From a sentence of three years in the penitentiary at hard labor, they appeal.
The first bill of exceptions brings to our attention that:—
After evidence had 'been received that shortly after the homicide, one Jim Bullard was arrested on a warrant issued by direction of the coroner’s jury, charged with the murder of Perry Cook, and after evidence had been received * * * of several witnesses, sworn for the defendants, that Jim Bullard and one Joe Glover, on the date and at the time and place charged in the indictment, had shot Perry Cook, and that defendants in the case had not fired a shot * * *, defendants offered to prove by Byron Parker, Justice of the Peace in the ward of the parish where the homicide was committed, and by E.‘R. Guyton, a prominent citizen in the neighborhood, and by several other witnesses, that shortly after the commission of the homicide, and on the day the inquest was held, said Joe Glover confessed and admitted that he shot Perry Cook and was the man who killed him.
This evidence was objected to on behalf of the State on the ground that the same was hearsay, which objection the court sustained and excluded the testimony.
There was no error in this ruling.
In the 3rd volume of Rice on Evidence (Criminal), p. 136, Sec. 87, on the subject of hearsay evidence, that author declares that where, as a part of the exculpatory evidence, it is sought to prove admission made by absent parties tending to show that they themselves were guilty of the crime and not the person on trial, such testimony 'is unquestionably incompetent.
•And Mr. Wharton, in his work on Criminal Evidence, 9th ed., p. 176, Sec. 225, says:—
On an indictment for murder, the admissions of other persons that they killed the deceased, or committed the crime in controversy, are not evidence—
citing Greenfield vs. People, 85 N. Y. 75; Smith vs. State, 9 Ala. 990; Snow vs. State, 54 Ala. 136; 58 Ala. 372; Sharp vs. State, 6 Tex. Ap. 650; Holt vs. State, 9 Tex. Ap. 571.

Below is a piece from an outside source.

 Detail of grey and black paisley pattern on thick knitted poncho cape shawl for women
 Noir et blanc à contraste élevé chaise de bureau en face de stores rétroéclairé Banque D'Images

*620See also United States vs. Munholland, 50 Fed. Rep. 417; Daniel vs. State, 65 Ga. 200; Brown vs. State, 3 Tex. Ap. 623; Pick vs. State, 86 Tenn. 267 (6 S. W. Rep. 389); Rhea vs. State, 10 Yerg. 258; Corn vs. Chabbock, 1 Mass. 144; State vs. White, 68 N. C. 158; and State vs. West, 45 La. Ann. 17.
The second bill of exceptions is leveled at the refusal of the trial Judge to grant a new trial upon the ground of newly discovered evidence.
The averment was that on another trial the accused would be able to prove by two witnesses, who are named (one of them the Justice of the Peace hereinbefore mentioned), that four days after the homicide the parties referred to interviewed John Warren, one of the chief witnesses for the State, who had testified t'o statements made to him by the accused, immediately after the shooting of the deceased, to the effect that one of them had shot him and the other had struck him “ a lick that he will not get over for seventy-five years,” and that said Warren denied to them having any knowledge whatever of the guilty parties, or any information as to the manner and cause of the death of Cook; that he had not the least idea who shot Cook and had never heard who shot him; that all he had heard was one John Glover telling his sons, Joe and James Glover, “ no one must know anything about who shot Cook,” that he (Warren) had talked with a good many persons who were present and near by when the deceased was shot and killed, and that all of them stated to him they did not know who did the shooting.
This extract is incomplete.